Nie żal mi Husajna – żal mi nas wszystkich, którzy potrafimy przejść nad tym do porządku dziennego, obejrzeć egzekucję pomiędzy dobranocką a filmem i zabawą sylwestrową. Żal mi Busha, który położył się wcześnie spać i schował pod kołdrę przed tym, co narobił. Egzekucja Husajna utkwi w pamięci milionów ludzi bardziej, niż tysiące wyroków, które wykonano na rozkaz tego zbrodniarza.

Dawno już nie czytałem też tak bulwersującej wiadomości, jak ta, że w Danii zamierza się ogrzewać kościoły ciepłem z krematoriów.

Co roku w 33 piecach kremacji poddawanych jest ok. 40 tys zwłok. Opalane gazem krematoria rozgrzewają się do tysiąca stopni Celsjusza. – Zamiast pozwolić ulecieć tak dużej ilości ciepła do atmosfery, możemy je użyć choćby do ogrzewania kościołów. Część można sprzedać na wolnym rynku – powiedział gazecie szef stowarzyszenia właścicieli krematoriów.

Właściciele krematoriów nie mają dylematów moralnych, uważają, że marnowanie energii z kremacji jest grzechem. Rada Etyki wydała pozytywną opinię, teraz wszystko zależy od ministerstwa.

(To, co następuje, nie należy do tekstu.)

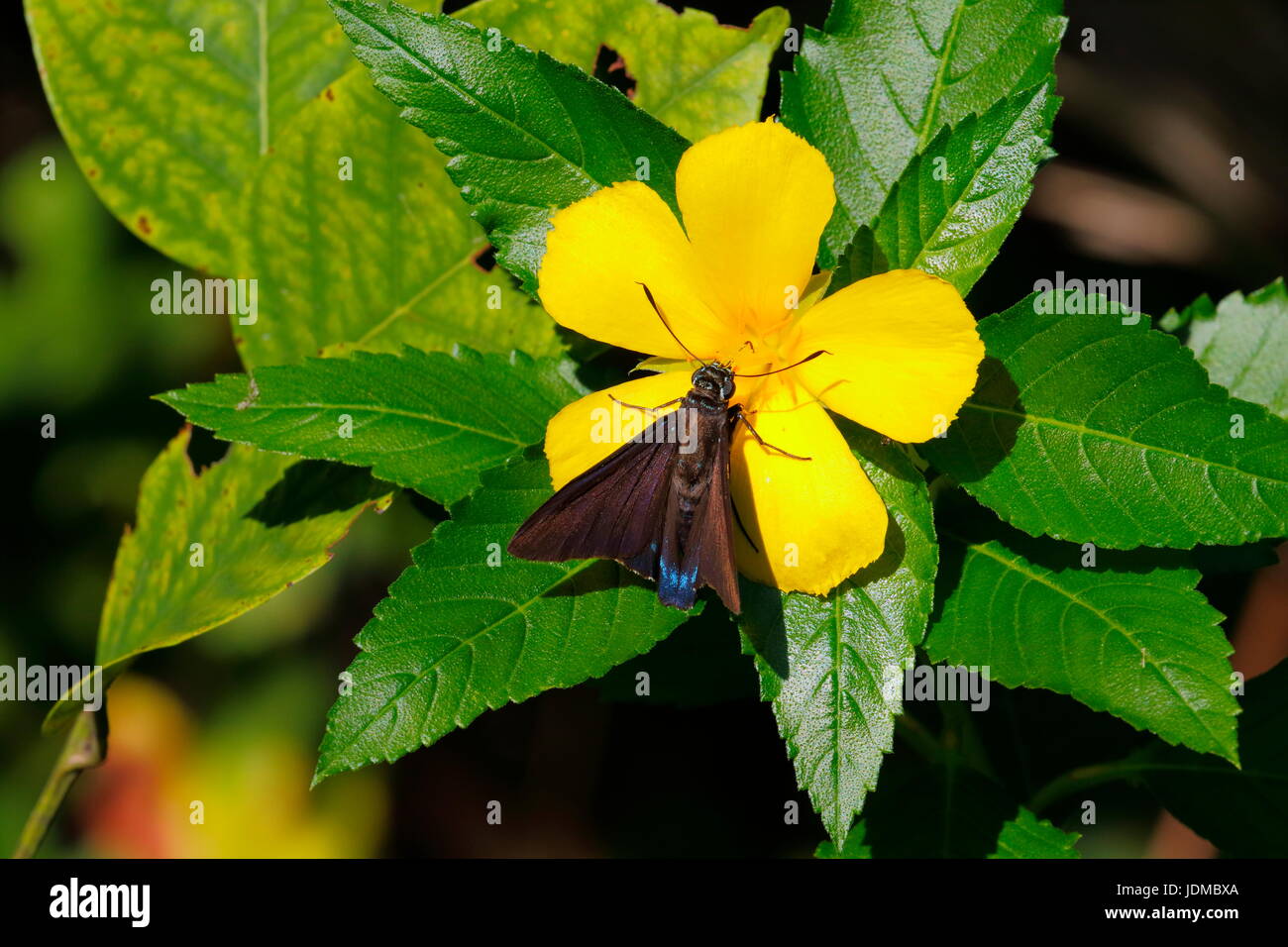 Eine Mangrove Skipper Butterfly, Phocides Pigmalion, schlürfen Nektar aus einer gelben Blume. Stockfoto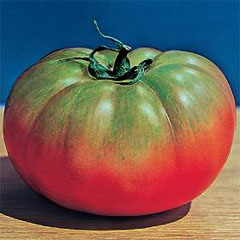 Pomodoro Il Pantano Romanesco Seeds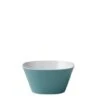 Mepal Schaal Conix 250 Ml Groen 2 Mepal Schaal Conix 250 Ml Groen -Outdoor Camping Winkel 43596 mepal schaal conix 250 ml nordic green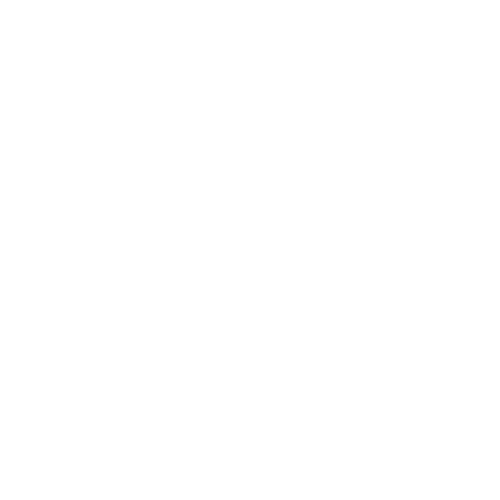 Guest Posting Service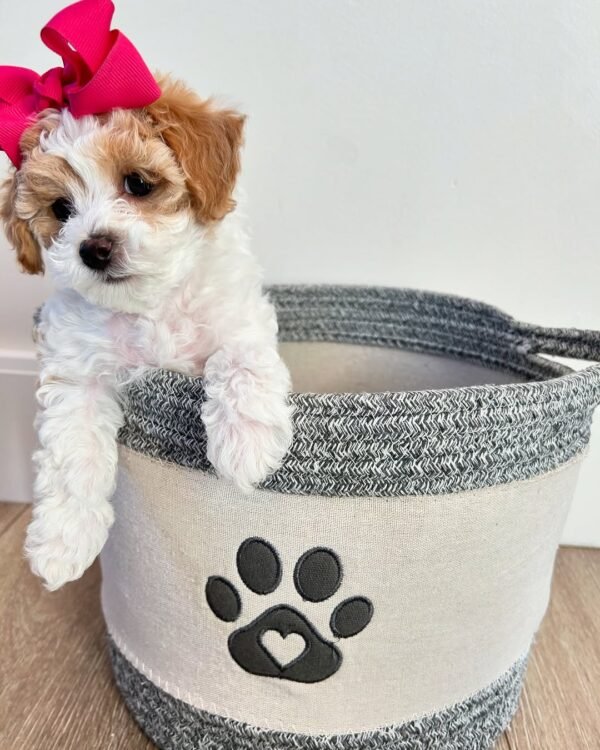 Miniature Cavapoo Puppies for Sale Near Me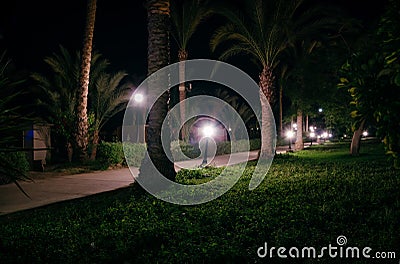 Night view walkway with tropical palm trees in the light of the lantern. Night tropical park with palms and lanterns Stock Photo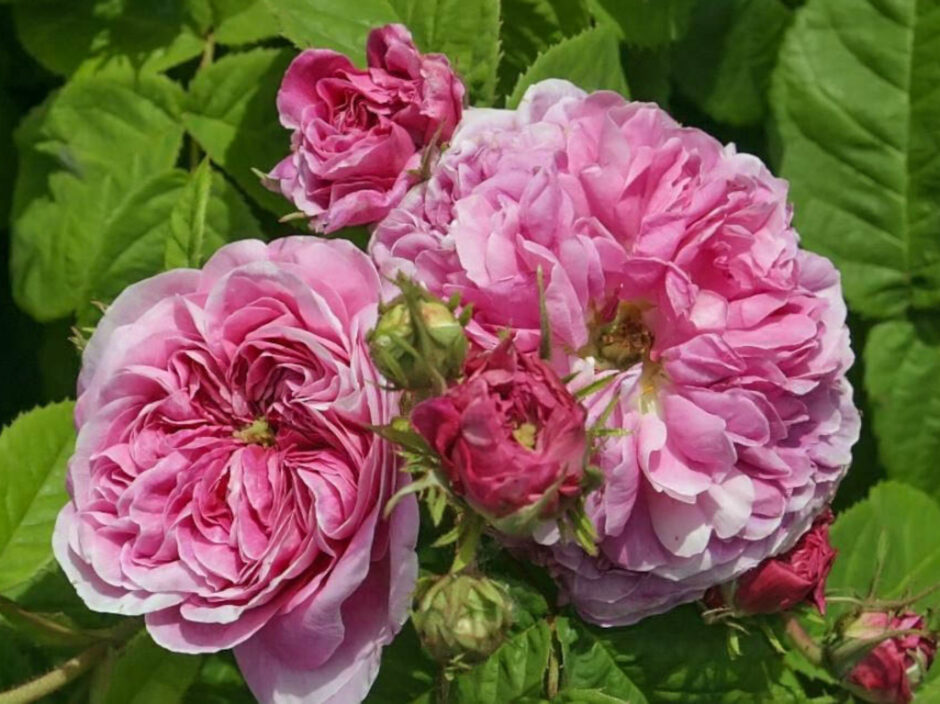 タライア（Thalie）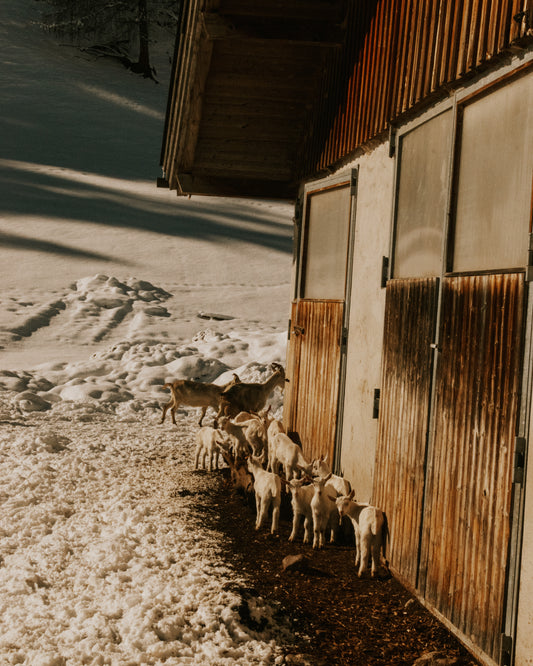Dolomiti 08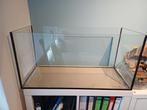 Hamster scaping bak, Dieren en Toebehoren, Knaagdieren en Konijnen | Hokken en Kooien, Zo goed als nieuw, 75 tot 110 cm, Ophalen
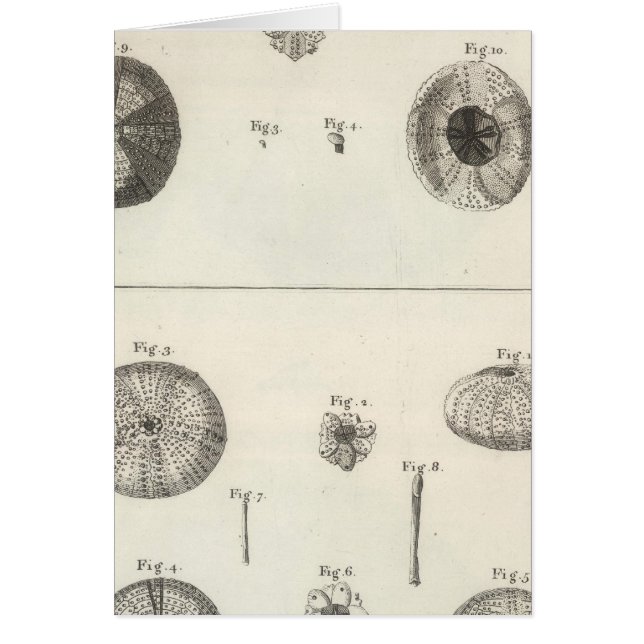 Urchins del mar (Frente)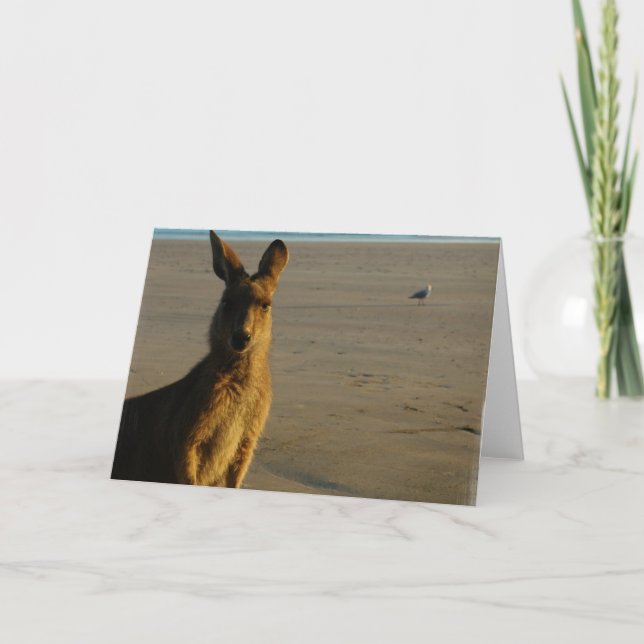 Carte photo Kangaroo (Devant)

Może jestem ulepiony z innej gliny niż luteranie, którzy stanowią 85 proc. mieszkańców Danii, ale nie mieści mi się w głowie, że taki pomysł narodził się i ma zostać wprowadzony w życie zaledwie jedno pokolenie po epoce pieców, po tym, jak hitlerowcy przerabiali tłuszcz z ludzkiego ciała na mydło, a materace napełniali włosami swoich ofiar. Pomysł wykorzystania energii z krematoriów kojarzy się z wykorzystaniem ciepła, jakie wydychały kominy Brzezinki. Do tego nie byli zdolni nawet hitlerowcy. Bogaci Duńczycy mogliby sobie pozwolić na odrobinę marnotrawstwa.